BAGHDAD, Iraq -- With U.N. weapons inspectors looking on, Iraq destroyed six Al Samoud 2 missiles Sunday but warned it may suspend the destruction program if the United States indicates it will go to war anyway.
In two days, Iraq has destroyed 10 of the banned weapons, about a tenth of its stock of the missiles, which the United Nations has ordered eliminated. It has also destroyed two casting chambers used to make engines for the Al Fatah missile. Iraq destroyed those chambers in the 1990s, only to rebuild them.
"As you can see, there is proactive cooperation from the Iraqi side," Saddam Hussein's scientific adviser, Lt. Gen. Amer al-Saadi, said at a news conference.
"Practically all the areas of concern to UNMOVIC (the U.N. inspection team) and the subjects of remaining disarmament questions have been addressed," he said. "We hope that it will be to the satisfaction of UNMOVIC."
But he cautioned that if the United States indicated it will go to war anyway, Iraq might stop destroying the missiles, which fly farther than the 93 miles allowed by the United Nations.

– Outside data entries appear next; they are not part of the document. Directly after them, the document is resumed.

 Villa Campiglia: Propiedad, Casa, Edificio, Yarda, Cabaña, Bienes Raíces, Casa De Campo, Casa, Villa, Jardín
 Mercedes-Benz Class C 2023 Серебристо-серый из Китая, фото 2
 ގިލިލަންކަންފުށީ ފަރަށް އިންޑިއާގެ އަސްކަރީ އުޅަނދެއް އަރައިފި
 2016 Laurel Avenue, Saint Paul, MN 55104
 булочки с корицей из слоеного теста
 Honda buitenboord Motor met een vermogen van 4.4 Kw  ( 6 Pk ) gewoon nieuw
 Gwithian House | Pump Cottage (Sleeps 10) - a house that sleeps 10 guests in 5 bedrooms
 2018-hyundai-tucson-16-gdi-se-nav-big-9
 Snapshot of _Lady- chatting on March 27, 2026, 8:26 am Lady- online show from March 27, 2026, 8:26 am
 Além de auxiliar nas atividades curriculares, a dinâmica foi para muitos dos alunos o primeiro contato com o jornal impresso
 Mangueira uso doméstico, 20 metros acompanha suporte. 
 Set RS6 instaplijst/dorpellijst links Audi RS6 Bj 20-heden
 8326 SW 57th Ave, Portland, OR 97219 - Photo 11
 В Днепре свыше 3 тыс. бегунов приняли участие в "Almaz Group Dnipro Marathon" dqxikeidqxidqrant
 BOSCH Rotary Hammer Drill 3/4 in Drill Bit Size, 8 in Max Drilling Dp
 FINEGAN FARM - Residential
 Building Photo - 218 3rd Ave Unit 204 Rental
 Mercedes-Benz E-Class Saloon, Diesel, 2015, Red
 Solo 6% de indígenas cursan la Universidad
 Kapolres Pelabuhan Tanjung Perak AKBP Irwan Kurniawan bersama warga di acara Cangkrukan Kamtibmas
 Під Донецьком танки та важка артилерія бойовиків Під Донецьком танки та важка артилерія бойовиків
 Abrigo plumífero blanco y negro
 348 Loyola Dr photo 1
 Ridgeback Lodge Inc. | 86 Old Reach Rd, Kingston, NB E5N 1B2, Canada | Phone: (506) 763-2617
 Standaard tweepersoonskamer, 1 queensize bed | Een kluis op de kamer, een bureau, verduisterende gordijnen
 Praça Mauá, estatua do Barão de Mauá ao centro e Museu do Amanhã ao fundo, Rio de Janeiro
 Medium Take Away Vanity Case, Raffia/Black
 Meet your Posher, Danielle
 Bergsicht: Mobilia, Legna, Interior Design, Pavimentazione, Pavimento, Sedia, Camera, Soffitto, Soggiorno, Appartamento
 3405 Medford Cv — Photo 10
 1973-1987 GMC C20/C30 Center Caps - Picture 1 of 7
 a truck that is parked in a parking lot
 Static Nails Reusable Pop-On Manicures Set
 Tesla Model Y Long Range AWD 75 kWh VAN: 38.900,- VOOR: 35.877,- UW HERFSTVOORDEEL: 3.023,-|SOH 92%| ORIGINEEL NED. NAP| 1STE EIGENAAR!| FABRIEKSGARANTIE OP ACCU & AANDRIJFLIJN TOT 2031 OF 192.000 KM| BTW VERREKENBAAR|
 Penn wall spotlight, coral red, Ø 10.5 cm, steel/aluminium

"If it turns out at an early stage during this month that America is not going to a legal way, then why should we continue?" al-Saadi asked.
The United States, which is leading the push for war against Iraq, derided the beginning of the destruction on Saturday. A White House spokeswoman called Iraq's move "part of its game of deception."
Sen. Joseph Biden, the top Democrat on the Senate Foreign Relations Committee, said on "Fox News Sunday" that "destroying all of the missiles is not enough for me."
He said Iraq also needed to account for "all of the other weapons of mass destruction that we know have not been accounted for."
Inspectors returned Sunday to al-Aziziya, an abandoned helicopter airfield 60 miles southeast of Baghdad where Iraq says it destroyed R-400 bombs filled with biological weapons in 1991.
Al-Saadi said 157 of the R-400 bombs contained anthrax, aflotoxin and botulin toxin. He said Iraq has been excavating them and so far has uncovered eight bombs intact.
On Sunday, U.N. weapons inspectors took samples of the material in the bombs to confirm their composition.
Al-Saadi said Iraq had destroyed 1.5 tons of VX and was trying to prove that to inspectors.
Meeting another key U.N. demand, a biological expert submitted to an interview Saturday. Two others, however, refused to do so without a witness or a tape recorder, while a fourth could not be located.
On Sunday, a scientist refused to give an interview, according to Iraq's foreign ministry.
Interviews resumed Friday night after nearly a month in which all scientists refused to talk without a witness or a tape recorder. Al-Saadi said Iraq was encouraging the scientists to speak without recording their conversations, but noted it couldn't force them to.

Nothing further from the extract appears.